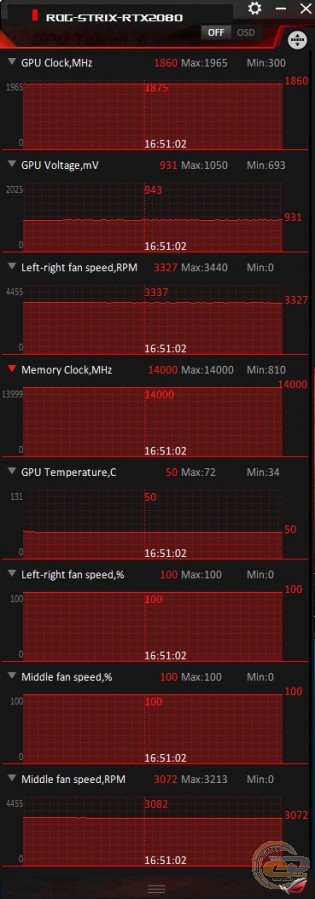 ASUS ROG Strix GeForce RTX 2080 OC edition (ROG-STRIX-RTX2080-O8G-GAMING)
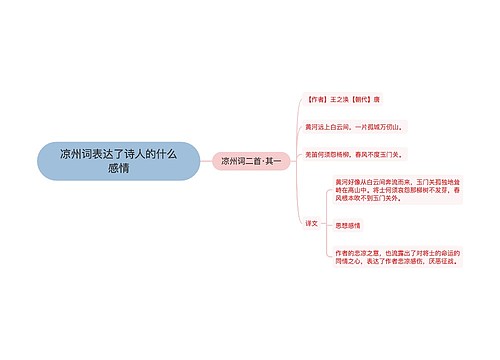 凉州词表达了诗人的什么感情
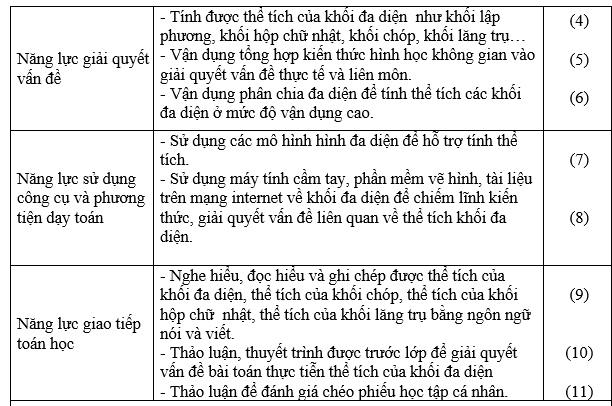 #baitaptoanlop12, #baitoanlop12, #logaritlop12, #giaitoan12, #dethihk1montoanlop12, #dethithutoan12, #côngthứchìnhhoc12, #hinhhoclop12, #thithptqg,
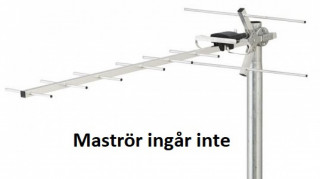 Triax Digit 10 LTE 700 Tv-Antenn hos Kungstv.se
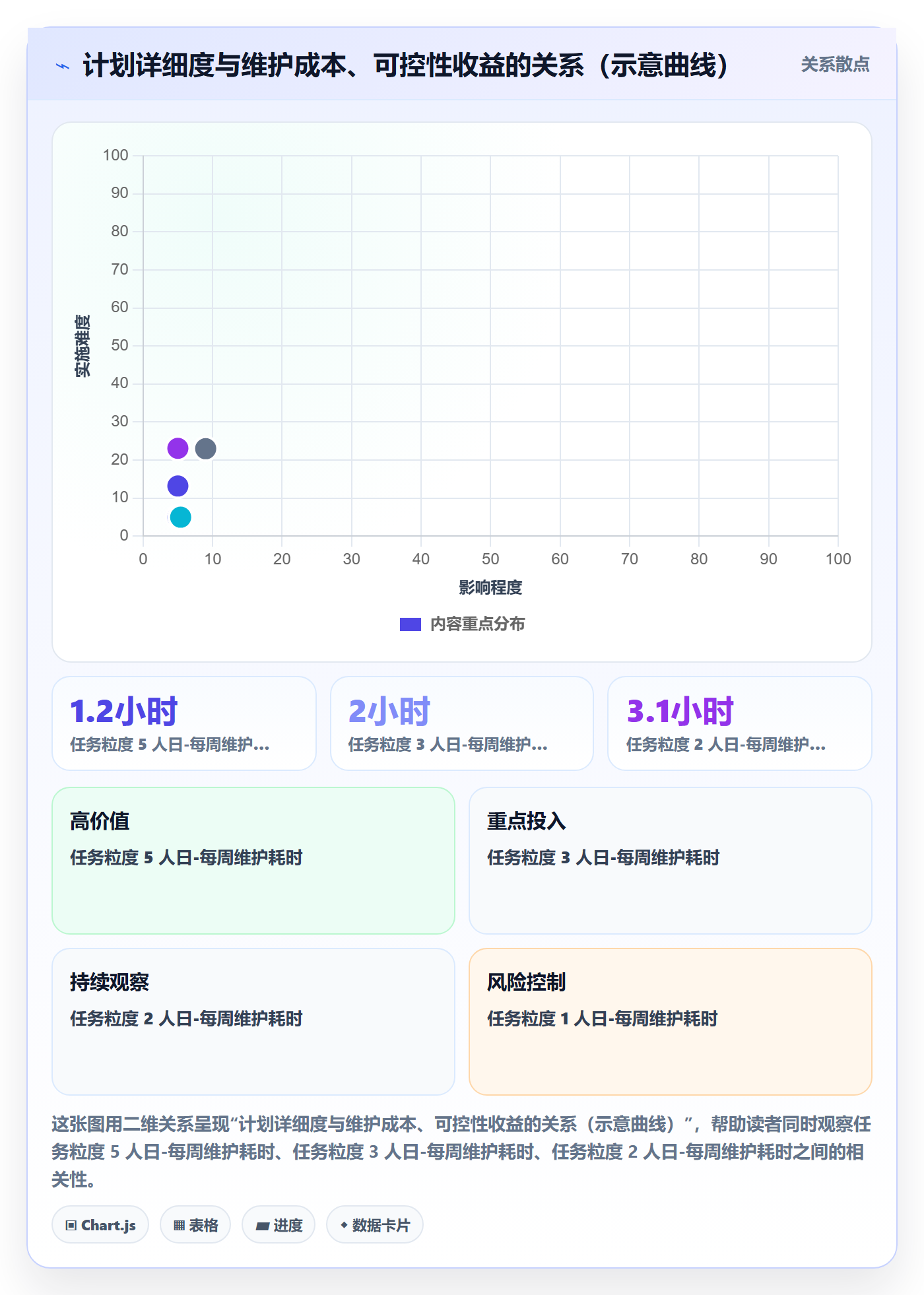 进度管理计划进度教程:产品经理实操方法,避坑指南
= = = =
*Instructions for the task:* Could you set down the data exactly as given, minus its pictures?

*Written answer:*
 ASUS ROG Strix GeForce RTX 2080 OC edition (ROG-STRIX-RTX2080-O8G-GAMING)
 凉州词表达了诗人的什么感情
 #baitaptoanlop12, #baitoanlop12, #logaritlop12, #giaitoan12, #dethihk1montoanlop12, #dethithutoan12, #côngthứchìnhhoc12, #hinhhoclop12, #thithptqg,
 Triax Digit 10 LTE 700 Tv-Antenn hos Kungstv.se
 进度管理计划进度教程:产品经理实操方法,避坑指南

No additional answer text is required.